Asbestos Legistation Update: Corporations Lobby for Legislative Protections While Thousands of U.S. Military Veterans Continue to Die from Asbestos Cancer

“If you have enjoyed a good life while working with asbestos products, why not die from it.”

Nearly 50 years ago, the Director of Purchasing for the Bendix Corporation, a part of Honeywell, wrote those words. Today, asbestos companies and their public relations gurus are still waging war on cancer victims, including our military veterans.

Experts estimate 30 percent of all mesothelioma victims in the United States are military veterans. That’s a staggering number when you consider that between 1999 and 2007 the Center for Disease Control reported over 23,000 Americans died of the asbestos-related cancer. That’s approximately 7,000 service men and women. To put that statistic in context, approximately 5,000 military personnel have died in the U.S. War on Terror since 2011.

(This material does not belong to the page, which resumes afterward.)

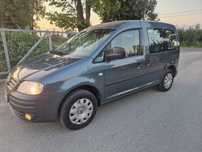 VW Caddy 1.6 benzyna, 7-osobowy, opłacony, hak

Meanwhile, the companies responsible for exposing veterans to the deadly carcinogen are lobbying for new bills at both the state and federal levels that would grant them sweeping advantages in the legal system, delaying and – in some cases – denying desperately needed compensation for medical treatments.

MesotheliomaVeterans2013

At the federal level, the U.S. House of Representatives has passed the so-called Furthering Asbestos Claims Transparency (FACT) Act out of committee despite bipartisan opposition. The move is a slap in the face to all victims of asbestos-related diseases, in particular our veterans as we head into Memorial Day weekend.

Andrew Cochran wrote a warning in the Legal Examiner explaining why this bill and others like it on the state level are harmful to veterans, especially Navy veterans.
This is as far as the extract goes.